No excuses Taoiseach, the buck stops with you

HEART BEAT: Cowen’s speech was of ‘the dog ate my homework’ variety

HEART BEAT:Cowen's speech was of 'the dog ate my homework' variety

JUST WHEN you think things couldn’t get any worse, they do. I listened to extracts from Brian Cowen’s supposedly exculpatory speech at Dublin City University. It was of “the dog ate my homework” variety. It seemed to presuppose that the audience, immediate and general, were imbeciles. Many people over many years, myself included, predicted that damnation was just around the corner. Cowen sounded like the backsliding Scot, who found himself in a very hot place after death, and raised his eyes from the mire to the heights above: “I dinnae ken Lord”, to which a harsh celestial voice replied, “Aye, well ye ken the noo”.

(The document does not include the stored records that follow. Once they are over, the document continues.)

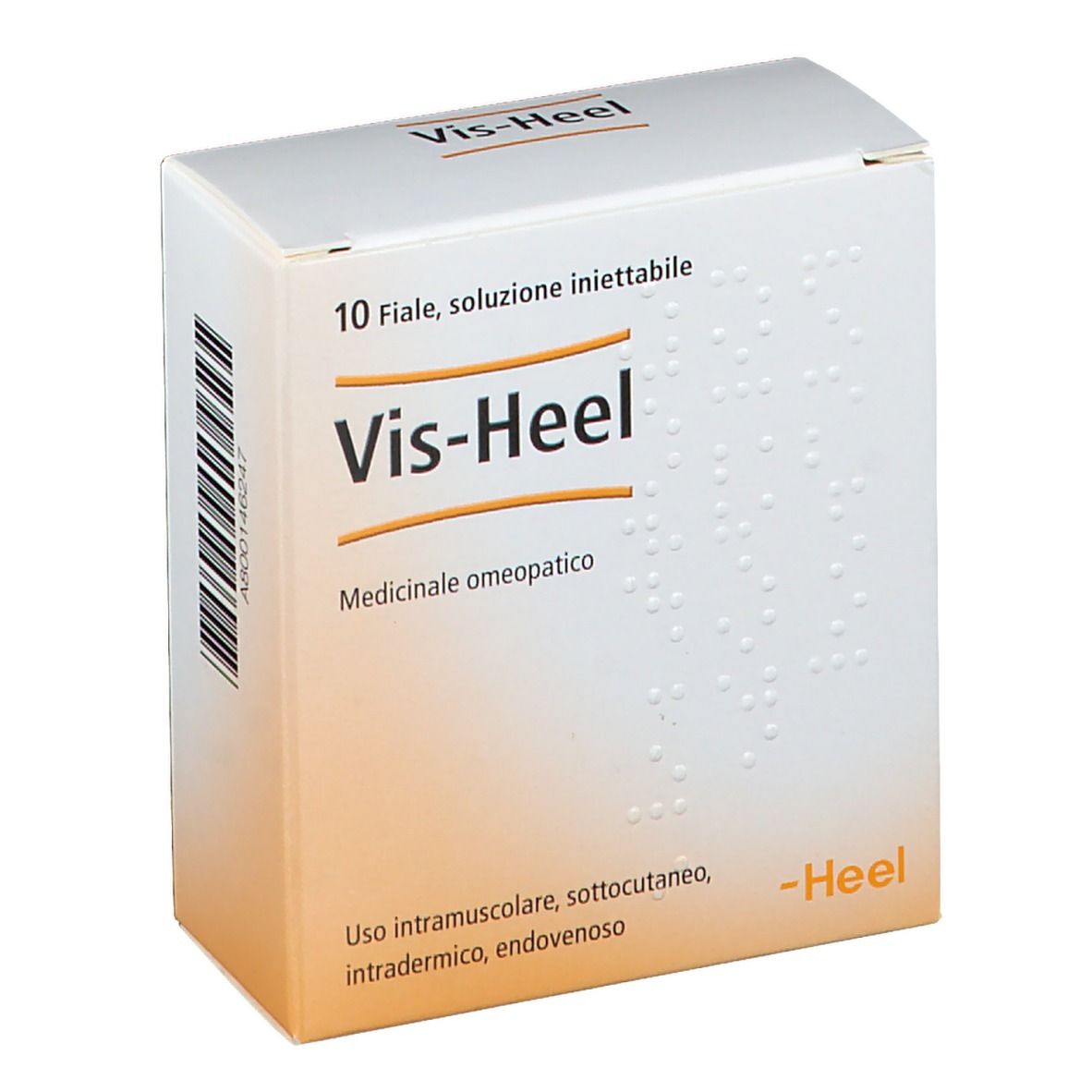 Scatola bianca con Vis-Heel. Contiene 10 soluzioni iniettabili. Medicinale omeopatico. Marchio Heel.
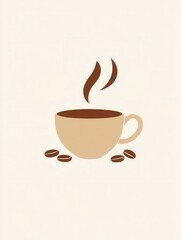 Obraz premium Minimalist coffee cup design featuring steam and scattered coffee beans in warm tones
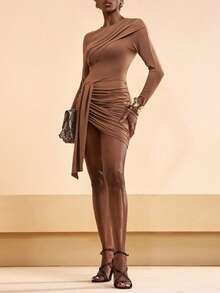 Zivah Women's Chic Coffee Brown Autumn Long Sleeve Round Neck Bodycon Dress,Chest Ruched Panel,Asymmetric Hem Draped Wrap Mini Dress For Party & Night Out - Brown - View 10
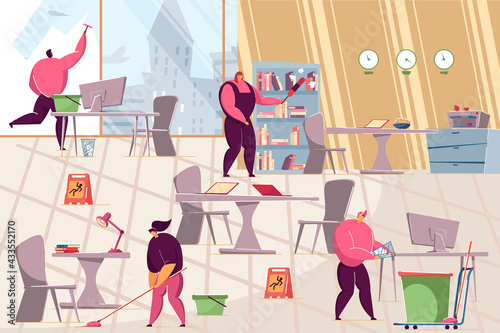 Team of janitors cleaning in office. Flat vector illustration. Professional workers cleaning up mess. Hygiene, job, cleaning service, office concept for banner design or landing page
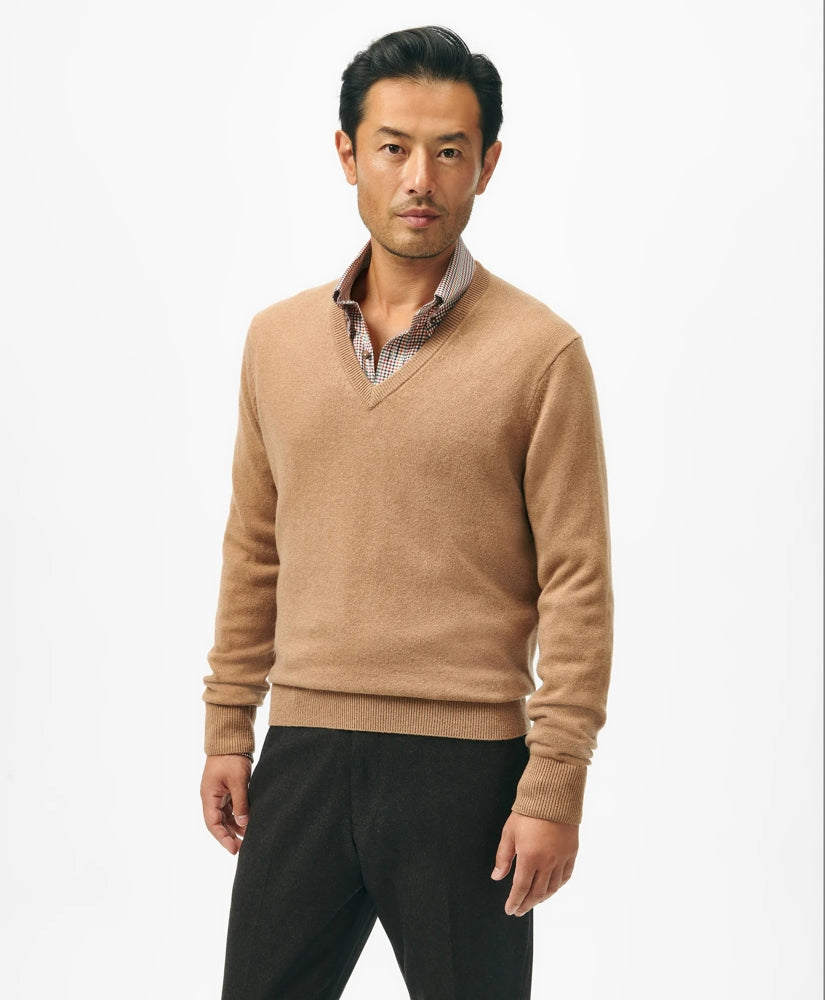 Men 3-Ply Cashmere V-Neck Sweater - Brooks Brothers On sale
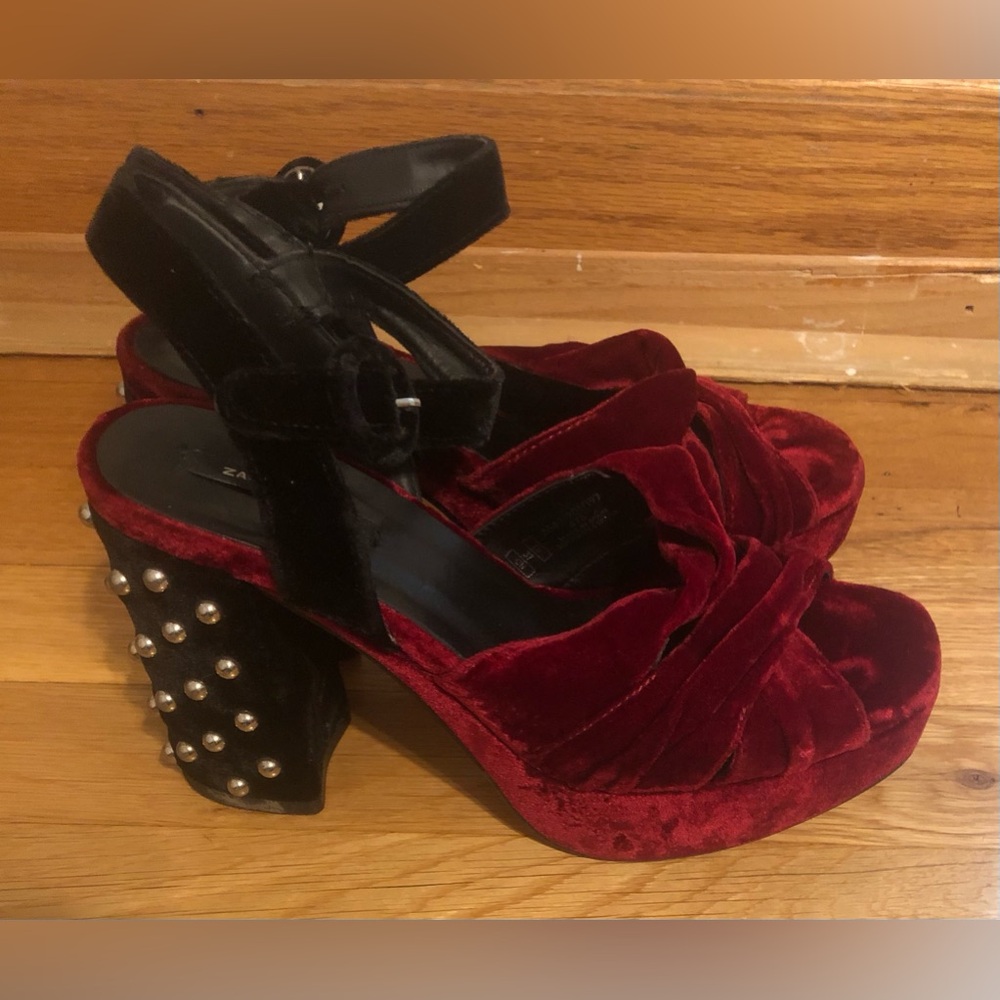 Zara Velvet Heels in Red and Black with Pearl Details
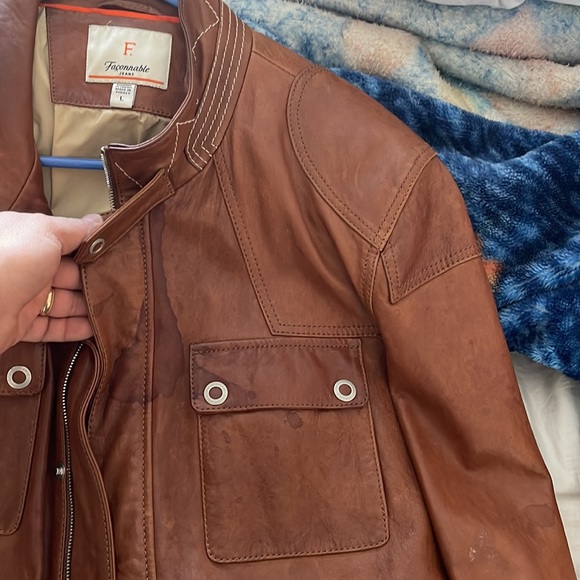 Used Faconnable jeans leather jacket size L - Picture 2 of 6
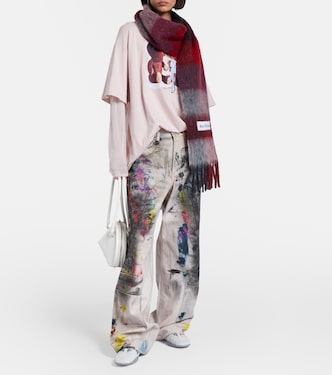 Checked logo fringed wool-blend scarf | Acne Studios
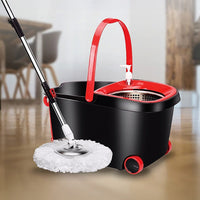 Spin Rotating Mop and Bucket Set with Wheels and 4 Microfibre Mop Heads Commercial Kings Warehouse 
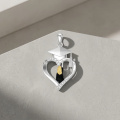 wholesale 925 Sterling Silver Heart Graduation Pendant With Zircon Accent And Gold Graduate Figure-0-1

You and your ilk have been there for 13 years. We are now in the land of your making. True, that in banking and development you had worthy accomplices, but the buck stops with you and your predecessor, both as ministers for finance and taoisigh. The pair of you could join the Roman poet Ovid in his plaint:

" Omnia iam fient fieri quae posse negabam" or "All the things which I denied could happen, are now happening". It wasn't Fine Gael, Labour or Sinn Féin who caused these problems, it was yourselves in Fianna Fáil and your patsies in the PDs and now the Greens who created and maintain our woes.

READ MORE

" Be not made a beggar by banqueting upon borrowing, when thou hast nothing in thy purse . . ." – Ecclesiasticus (18:33).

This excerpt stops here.